Complete report
Why
GAO (United States
Government Accountability Office) Did This Study
Almost
7 million children aged 3 to 21 received special education services under Part
B of the Individuals with Disabilities Education Act (IDEA)in school year 2016-17.
IDEA contains options parents and school districts may use to address disputes
that arise related to the education of a student with a disability. These
options include mediation and due process complaints, which can be used by parents
and school districts; and state complaints, which can be used by any
organization or individual, including the child’s parent, alleging an IDEA violation.

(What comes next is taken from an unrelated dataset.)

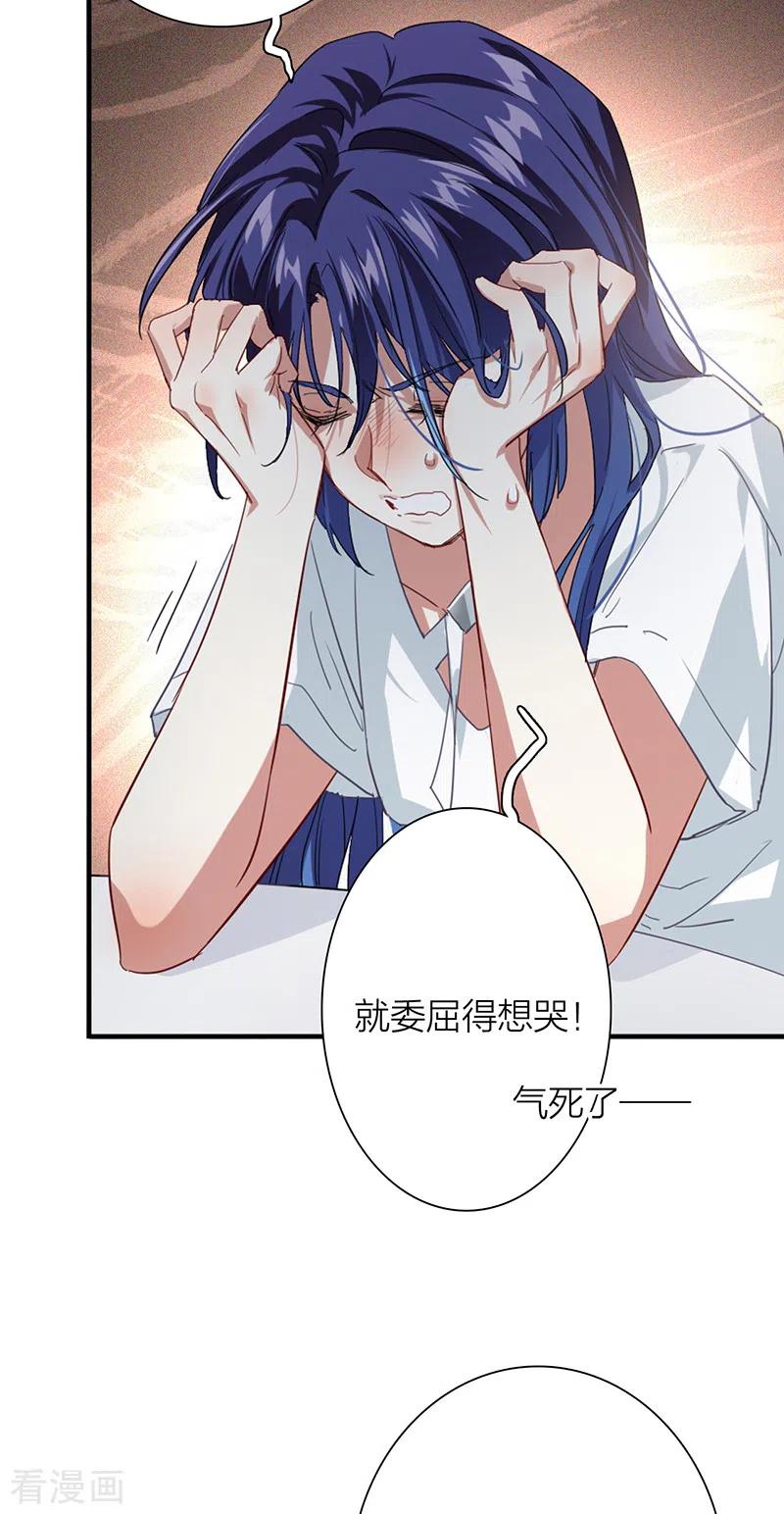 《星梦偶像计划》第289话 第22页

GAO was asked to review parents’ use of IDEA dispute resolution options.
This report examines
(1) how often IDEA dispute resolution options are used, and whether use in
selected states varies across school district-level socioeconomic or demographic
characteristics; and (2) what challenges parents face in using IDEA dispute resolution
options and how Education and selected states help facilitate parents’ use of these
options.
GAO reviewed publicly
available data on dispute resolution at the state level and collected data at
the school district level from five states—Massachusetts, Michigan, New Jersey,
Ohio, and Pennsylvania—selected based on the number of disputes initiated and
school district characteristics, among other factors. GAO also reviewed
relevant federal laws, regulations, and Education and state documents; and interviewed
Education officials, state officials, staff from organizations providing technical
assistance in these five states, and other national advocacy organizations.
What
GAO Found
In
school year 2016-17, 35,142 special education disputes were filed nationwide,and
in five selected states GAO reviewed, dispute resolution options varied across
school districts with different socioeconomic and demographic characteristics.

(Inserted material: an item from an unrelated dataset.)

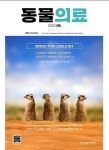 대한수의사회, 동물의료 6월호 발간…초음파 진단 한계 조명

The Individuals with Disabilities Education Act (IDEA) provides parents several
ways to file and resolve disputes about plans and services that school districts
provide to students with disabilities. A greater proportion of very high-income
school districts had dispute resolution activity as well as higher rates of
dispute activity than very low-income districts in most of the five states GAO reviewed.
GAO
also found that in most of these states, a smaller proportion of predominately
Black and/or Hispanic districts had dispute resolution activity compared to
districts with fewer minority students; however, predominately Black and/or
Hispanic districts generally had higher rates of such activity. Technical assistance
providers and others told GAO that parents used dispute resolution most often for
issues related to school decisions about evaluations, placement, services and
supports, and discipline of their children.
Parents
may face a variety of challenges in using IDEA dispute resolution, and the
Department of Education and states provide several kinds of support that, in part,
may address some of these challenges. Stakeholders cited challenges such as paying
for attorneys and expert witnesses at a due process hearing, parents’ reluctance
to initiate disputes because they feel disadvantaged by the school district’s
knowledge and financial resources, and parents’ lack of time off from work to
attend due process hearings. Education and state agencies provide technical
assistance to support parents’ understanding of their rights under IDEA and to
facilitate their use of dispute resolution options, for example, by providing informational
documents and phone help lines to parents.